Dana Receives Grant from NRCan to Improve Thermal Management for EV Battery Packs
Dana Holding Corporation has recently received two grants totaling $3 million from Natural Resources Canada (NRCan) to develop technology to improve thermal management systems for battery systems in electric, plug-in hybrid-electric, and hybrid-electric vehicles. The first project aims to advance the development of aluminum heat exchangers, which are used to thermally manage electric-vehicle battery systems. The grant focuses on improving flux-less aluminum brazing materials and process technology for manufacturing to increase process speeds, enhance cleanliness during production, and reduce overall cost.
Temperature control in electric-vehicle battery systems remains a major challenge in maximizing battery life and reliability. Dana will use this grant to seek a solution for the industry that improves the viability of electric vehicles. Battery function and durability can be significantly compromised in cold climate conditions, such as those encountered during Canadian winters.

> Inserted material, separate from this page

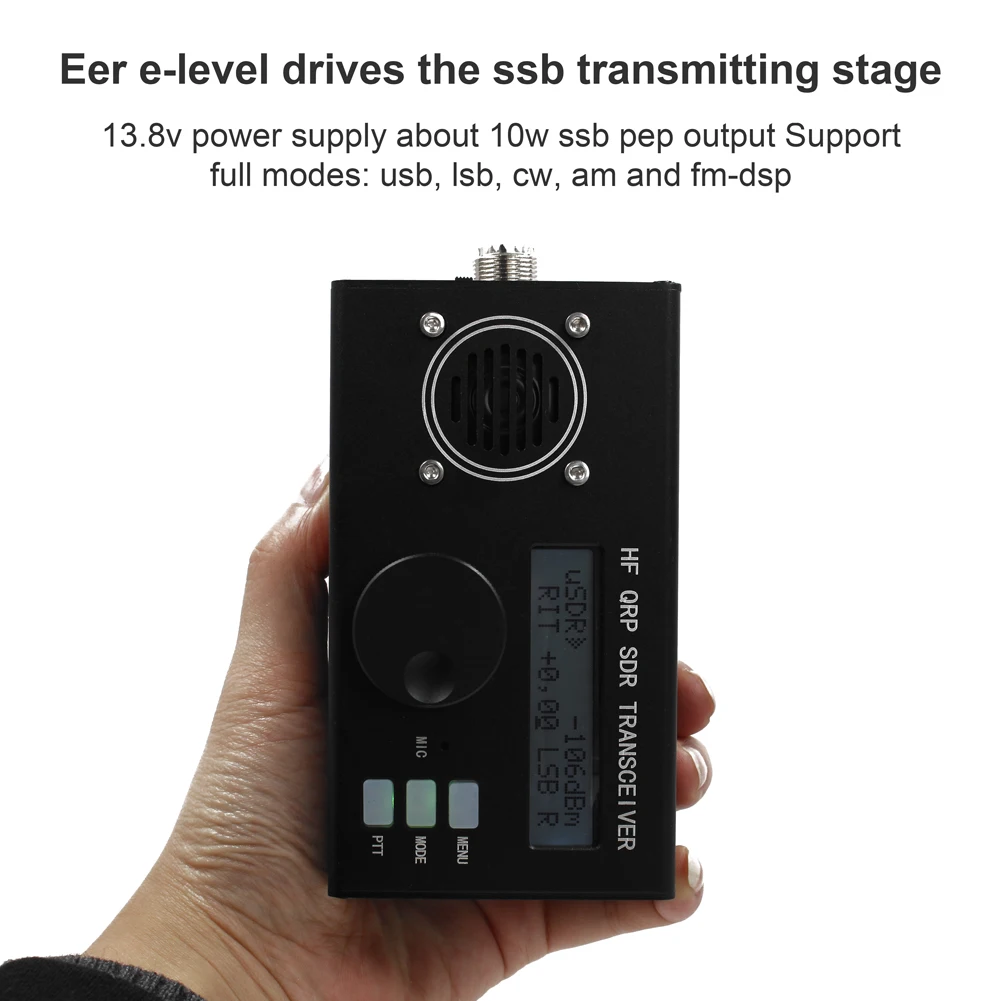 Приемопередатчики USDX USDR HF QRP SDR SSB/SW 8-полосные 5 Вт DSP приемопередатчики Встроенный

The second project aims to address these challenges and improve battery system performance in low temperatures by developing and integrating thick-film electric surface heaters directly into the battery cooling heat exchanger. For this project, Dana will collaborate with Datec Coatings, of Mississauga, Ontario.

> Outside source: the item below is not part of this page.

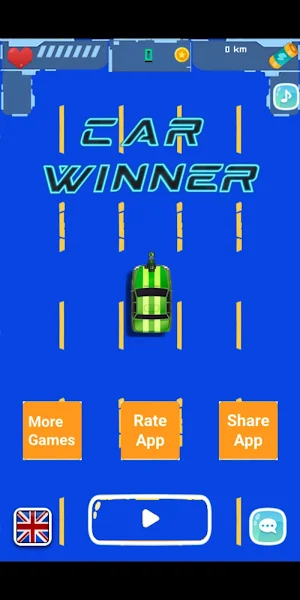 Car Racing Shooting Game Screenshot 3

"Through the ecoENERGY Innovation Initiative, our government is investing in innovative clean energy technologies that create jobs, generate new economic opportunities and protect the environment," said the Honourable Joe Oliver, Canada's Minister of Natural Resources. "This program demonstrates our tangible support for energy projects that drive energy innovation."
"Dana is excited to work with NRCan on this important issue as we aim to increase the life and operating reliability of batteries, which will lead to greater market adoption of electric vehicles," said Dwayne Matthews, president of the Dana Power Technologies Group. "We will be using these grants to build on our foundational knowledge of electric-vehicle thermal systems to help achieve higher levels of efficiency."